Under control conditions (20°C), no significant differential expression was observed for any of the assessed stress-responsive genes (StAPX, StCAT, StSOD, StPOD, StP5CS, StHSP20, StHSP70, and StHSP90) in ‘Atlantic’ potato plants ( Figures 7A-H ). However, when temperature was increased to 30°C, StWRKY75-overexpressing plants (OE-3, OE-6, OE-7) showed significant upregulation in transcript levels of StAPX ( Figure 7A ), StCAT ( Figure 7B ), StSOD ( Figure 7C ), StPOD ( Figure 7D ), StP5CS ( Figure 7E ), StHSP20 ( Figure 7F ), StHSP70 ( Figure 7G ), and StHSP90 ( Figure 7H ), while StWRKY75 RNA interference lines (RNAi-1, RNAi-4, RNAi-5) exhibited marked downregulation compared to NT controls. This differential expression pattern became more pronounced under 35°C heat stress, with StWRKY75-overexpressing lines showing extremely significant upregulation of these stress-responsive genes relative to NT plants. Conversely, all target gene expressions were suppressed in StWRKY75 knockdown plants. Similarly, under standard growth conditions (20°C), the ‘Desiree’ cultivar maintained stable transcriptional levels of these key stress-responsive genes across NT and transgenic lines without significant differences ( Figures 8A-H ). At 30°C heat stress, however, StWRKY75-overexpressing lines (OE-1, OE-2, OE-4) demonstrated significant upregulation of antioxidant genes [StAPX ( Figure 8A ), StCAT ( Figure 7B ), StSOD ( Figure 7C ), StPOD ( Figure 8D )], the proline biosynthesis gene StP5CS ( Figure 8E ), and heat shock protein genes [StHSP20 ( Figure 8F ), StHSP70 ( Figure 8G ), StHSP90 ( Figure 8H )]. In contrast, these stress-responsive genes were significantly suppressed in StWRKY75 knockdown lines (RNAi-1, RNAi-3, RNAi-4) compared to NT plants. Elevated temperatures intensified these transcriptional responses, with the most prominent differential expression observed at 35°C. At this threshold, StWRKY75-overexpressing plants maintained strong upregulation of all stress-related genes ( Figures 8A-H ), while RNAi lines showed progressively declining expression profiles. These findings robustly demonstrate that StWRKY75 functions as a central transcriptional regulator during thermal adaptation, coordinating the upregulation of these genes (StAPX, StCAT, StSOD, StPOD, StP5CS, StHSP20, StHSP70, and StHSP90) to enhance potato thermotolerance.

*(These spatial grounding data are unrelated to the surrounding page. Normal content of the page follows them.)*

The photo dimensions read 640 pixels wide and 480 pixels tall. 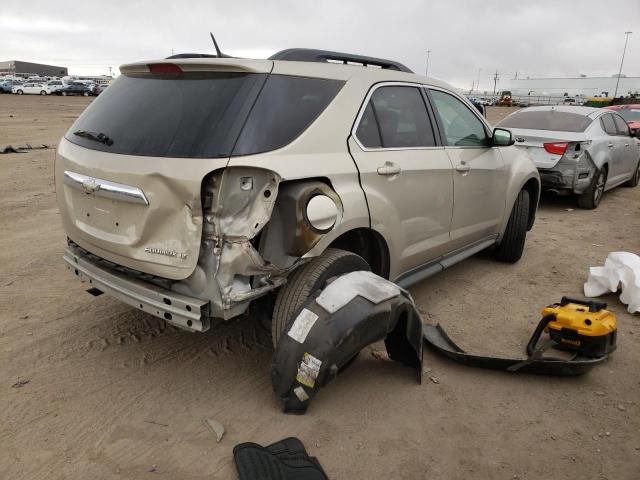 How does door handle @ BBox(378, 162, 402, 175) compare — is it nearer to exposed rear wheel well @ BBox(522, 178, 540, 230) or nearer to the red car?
exposed rear wheel well @ BBox(522, 178, 540, 230)

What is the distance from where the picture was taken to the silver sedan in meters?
7.66

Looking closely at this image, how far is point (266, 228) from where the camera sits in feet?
8.59

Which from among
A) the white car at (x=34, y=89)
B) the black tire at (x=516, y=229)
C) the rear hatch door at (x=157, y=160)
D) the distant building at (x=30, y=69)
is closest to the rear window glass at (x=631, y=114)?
the black tire at (x=516, y=229)

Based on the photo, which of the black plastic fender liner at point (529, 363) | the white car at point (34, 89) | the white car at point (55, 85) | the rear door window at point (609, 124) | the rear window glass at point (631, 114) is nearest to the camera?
the black plastic fender liner at point (529, 363)

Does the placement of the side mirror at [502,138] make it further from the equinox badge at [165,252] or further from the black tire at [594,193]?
the black tire at [594,193]

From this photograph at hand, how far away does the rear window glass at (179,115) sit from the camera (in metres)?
2.58

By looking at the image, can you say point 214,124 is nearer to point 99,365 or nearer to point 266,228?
point 266,228

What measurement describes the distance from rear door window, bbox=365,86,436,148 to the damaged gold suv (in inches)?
0.6

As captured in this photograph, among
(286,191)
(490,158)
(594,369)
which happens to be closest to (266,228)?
(286,191)

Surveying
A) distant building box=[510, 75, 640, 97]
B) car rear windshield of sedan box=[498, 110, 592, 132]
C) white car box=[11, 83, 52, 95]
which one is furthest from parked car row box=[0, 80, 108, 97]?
distant building box=[510, 75, 640, 97]

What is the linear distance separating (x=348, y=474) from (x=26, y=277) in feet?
11.5

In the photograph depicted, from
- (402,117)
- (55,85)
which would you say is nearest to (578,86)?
(55,85)

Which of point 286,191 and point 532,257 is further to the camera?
point 532,257

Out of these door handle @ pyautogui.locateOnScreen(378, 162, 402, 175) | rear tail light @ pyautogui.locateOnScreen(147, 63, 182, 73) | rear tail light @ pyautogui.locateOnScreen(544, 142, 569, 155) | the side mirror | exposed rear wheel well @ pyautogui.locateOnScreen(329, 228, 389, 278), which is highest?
rear tail light @ pyautogui.locateOnScreen(147, 63, 182, 73) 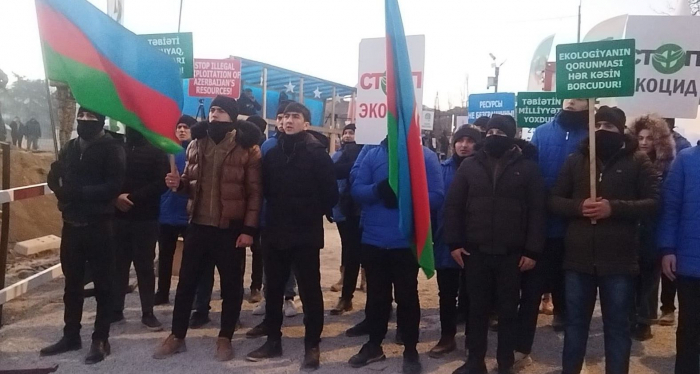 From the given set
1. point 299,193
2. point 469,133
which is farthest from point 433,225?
point 299,193

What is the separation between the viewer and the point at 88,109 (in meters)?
4.55

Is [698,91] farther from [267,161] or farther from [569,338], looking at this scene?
[267,161]

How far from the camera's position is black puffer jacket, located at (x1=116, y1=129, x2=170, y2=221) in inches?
220

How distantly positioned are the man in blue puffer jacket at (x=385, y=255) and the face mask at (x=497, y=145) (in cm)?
54

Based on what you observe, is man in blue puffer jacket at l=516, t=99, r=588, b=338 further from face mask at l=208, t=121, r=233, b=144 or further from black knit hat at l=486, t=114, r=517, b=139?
face mask at l=208, t=121, r=233, b=144

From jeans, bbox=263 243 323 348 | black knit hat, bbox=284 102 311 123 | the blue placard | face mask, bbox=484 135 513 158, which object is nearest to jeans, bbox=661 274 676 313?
face mask, bbox=484 135 513 158

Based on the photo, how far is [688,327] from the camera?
161 inches

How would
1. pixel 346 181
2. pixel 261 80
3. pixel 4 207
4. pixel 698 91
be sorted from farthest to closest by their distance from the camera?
pixel 261 80 < pixel 346 181 < pixel 698 91 < pixel 4 207

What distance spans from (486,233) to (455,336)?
1.54m

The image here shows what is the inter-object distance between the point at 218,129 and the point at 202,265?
1143 millimetres

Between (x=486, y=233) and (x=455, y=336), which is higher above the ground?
(x=486, y=233)

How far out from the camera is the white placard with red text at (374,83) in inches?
194

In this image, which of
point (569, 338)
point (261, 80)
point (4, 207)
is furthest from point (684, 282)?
point (261, 80)

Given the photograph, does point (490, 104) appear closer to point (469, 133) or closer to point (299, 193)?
point (469, 133) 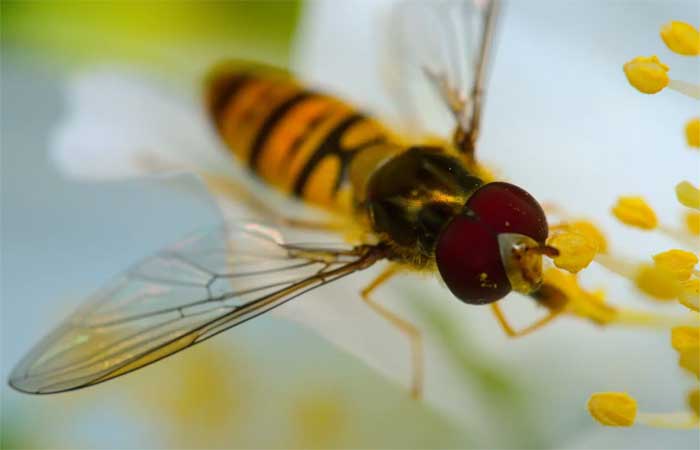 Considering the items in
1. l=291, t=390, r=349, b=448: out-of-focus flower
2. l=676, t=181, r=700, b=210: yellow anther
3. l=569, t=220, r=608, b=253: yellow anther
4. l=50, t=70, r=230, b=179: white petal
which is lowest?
l=291, t=390, r=349, b=448: out-of-focus flower

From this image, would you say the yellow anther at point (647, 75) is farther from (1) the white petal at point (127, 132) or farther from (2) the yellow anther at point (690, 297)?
(1) the white petal at point (127, 132)

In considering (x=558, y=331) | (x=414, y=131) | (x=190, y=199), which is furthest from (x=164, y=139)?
(x=558, y=331)

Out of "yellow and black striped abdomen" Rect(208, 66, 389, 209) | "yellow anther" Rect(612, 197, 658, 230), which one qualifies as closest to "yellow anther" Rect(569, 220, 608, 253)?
"yellow anther" Rect(612, 197, 658, 230)

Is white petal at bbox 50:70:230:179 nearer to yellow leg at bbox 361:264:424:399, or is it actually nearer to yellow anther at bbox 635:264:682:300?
yellow leg at bbox 361:264:424:399

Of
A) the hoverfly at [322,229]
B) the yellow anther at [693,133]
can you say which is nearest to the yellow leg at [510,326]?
the hoverfly at [322,229]

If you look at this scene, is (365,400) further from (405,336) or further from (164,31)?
(164,31) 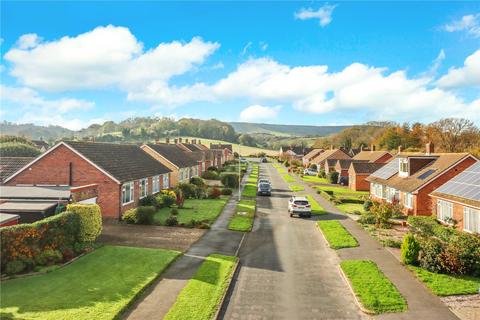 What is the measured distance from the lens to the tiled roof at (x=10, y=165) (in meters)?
28.1

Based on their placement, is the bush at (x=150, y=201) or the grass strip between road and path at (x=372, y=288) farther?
the bush at (x=150, y=201)

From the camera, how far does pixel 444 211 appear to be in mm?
26328

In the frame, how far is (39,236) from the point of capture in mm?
15625

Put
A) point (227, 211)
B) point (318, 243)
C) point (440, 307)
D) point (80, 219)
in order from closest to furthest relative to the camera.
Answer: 1. point (440, 307)
2. point (80, 219)
3. point (318, 243)
4. point (227, 211)

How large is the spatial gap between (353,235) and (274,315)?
46.1 feet

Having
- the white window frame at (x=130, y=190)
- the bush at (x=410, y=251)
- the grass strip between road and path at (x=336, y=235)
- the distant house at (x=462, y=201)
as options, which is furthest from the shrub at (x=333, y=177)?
the bush at (x=410, y=251)

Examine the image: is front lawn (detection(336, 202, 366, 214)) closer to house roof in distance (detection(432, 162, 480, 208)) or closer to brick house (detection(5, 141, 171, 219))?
house roof in distance (detection(432, 162, 480, 208))

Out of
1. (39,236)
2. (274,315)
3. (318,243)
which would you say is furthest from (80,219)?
(318,243)

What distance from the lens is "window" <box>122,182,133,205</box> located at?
Result: 90.5 feet

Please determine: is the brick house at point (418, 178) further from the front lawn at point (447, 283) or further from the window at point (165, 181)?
the window at point (165, 181)

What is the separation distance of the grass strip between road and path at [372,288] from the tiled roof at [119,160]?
18305 mm

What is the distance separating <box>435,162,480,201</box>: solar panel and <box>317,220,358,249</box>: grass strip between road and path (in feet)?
26.9

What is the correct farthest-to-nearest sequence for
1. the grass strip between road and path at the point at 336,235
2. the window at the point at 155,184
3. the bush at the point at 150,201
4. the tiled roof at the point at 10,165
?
the window at the point at 155,184, the bush at the point at 150,201, the tiled roof at the point at 10,165, the grass strip between road and path at the point at 336,235

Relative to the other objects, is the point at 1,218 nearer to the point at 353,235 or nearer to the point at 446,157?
the point at 353,235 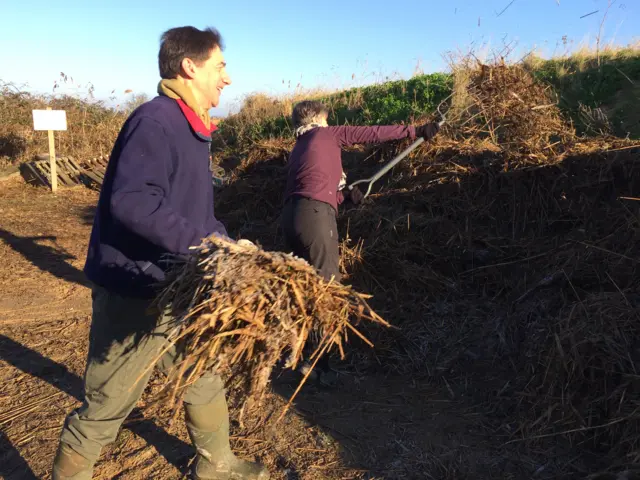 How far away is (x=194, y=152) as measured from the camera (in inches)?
85.1

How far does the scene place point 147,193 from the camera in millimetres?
1850

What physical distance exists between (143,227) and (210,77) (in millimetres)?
799

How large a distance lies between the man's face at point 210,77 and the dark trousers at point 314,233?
1.41 meters

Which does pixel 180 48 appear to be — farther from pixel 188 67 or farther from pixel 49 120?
pixel 49 120

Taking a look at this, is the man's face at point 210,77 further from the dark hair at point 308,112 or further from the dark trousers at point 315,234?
the dark hair at point 308,112

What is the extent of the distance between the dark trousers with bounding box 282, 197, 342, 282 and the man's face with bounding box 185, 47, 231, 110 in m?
1.41

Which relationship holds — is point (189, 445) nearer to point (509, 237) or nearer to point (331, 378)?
point (331, 378)

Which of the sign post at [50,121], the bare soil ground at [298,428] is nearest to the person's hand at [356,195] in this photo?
the bare soil ground at [298,428]

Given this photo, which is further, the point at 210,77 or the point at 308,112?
the point at 308,112

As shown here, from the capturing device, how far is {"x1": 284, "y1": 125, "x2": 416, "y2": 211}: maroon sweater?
3615 mm


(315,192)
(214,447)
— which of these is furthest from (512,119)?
(214,447)

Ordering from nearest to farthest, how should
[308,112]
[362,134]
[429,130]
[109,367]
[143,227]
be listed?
[143,227]
[109,367]
[308,112]
[362,134]
[429,130]

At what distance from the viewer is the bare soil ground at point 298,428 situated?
8.93 feet

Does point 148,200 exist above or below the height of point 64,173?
below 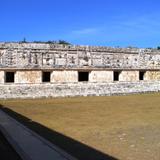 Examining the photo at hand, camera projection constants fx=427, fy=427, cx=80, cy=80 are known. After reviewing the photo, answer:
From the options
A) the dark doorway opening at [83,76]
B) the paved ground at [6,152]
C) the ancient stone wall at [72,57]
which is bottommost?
the paved ground at [6,152]

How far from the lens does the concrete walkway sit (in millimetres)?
8110

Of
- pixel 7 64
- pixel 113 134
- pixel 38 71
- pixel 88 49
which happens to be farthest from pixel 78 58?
pixel 113 134

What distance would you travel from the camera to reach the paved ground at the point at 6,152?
27.9 feet

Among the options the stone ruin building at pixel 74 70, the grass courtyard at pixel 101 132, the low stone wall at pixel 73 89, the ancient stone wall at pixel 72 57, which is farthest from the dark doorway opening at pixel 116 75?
the grass courtyard at pixel 101 132

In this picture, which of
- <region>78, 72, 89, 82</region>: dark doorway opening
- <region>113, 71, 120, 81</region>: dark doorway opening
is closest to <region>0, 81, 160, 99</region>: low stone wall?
<region>113, 71, 120, 81</region>: dark doorway opening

Under high-temperature stress regimes (30°C and 35°C), key photosynthetic parameters, including Pn, Gs, and E, were measured. Under control conditions (20°C), no significant differences were observed in gas exchange parameters between transgenic and NT plants of both ‘Atlantic’ and ‘Desiree’ potato cultivars ( Figures 9A-F ). However, at 30°C, StWRKY75-overexpressing lines in both cultivars exhibited significantly enhanced photosynthetic rate ( Figures 9A, B ), transpiration rate ( Figures 9C, D ), and stomatal conductance ( Figures 9E, F ) compared to NT plants. Conversely, StWRKY75-knockdown lines showed reduced photosynthetic performance. Under severe heat stress (35°C), growth inhibition was observed in all potato plants due to thermal damage. Nevertheless, StWRKY75-overexpressing lines maintained significantly higher photosynthetic rate ( Figures 9A, B ), transpiration rate ( Figures 9C, D ), and stomatal conductance ( Figures 9E, F ) compared to NT controls in both cultivars. In contrast, StWRKY75-knockdown plants displayed markedly reduced gas exchange parameters relative to NT lines, demonstrating the crucial regulatory role of StWRKY75 in maintaining photosynthetic performance under heat stress.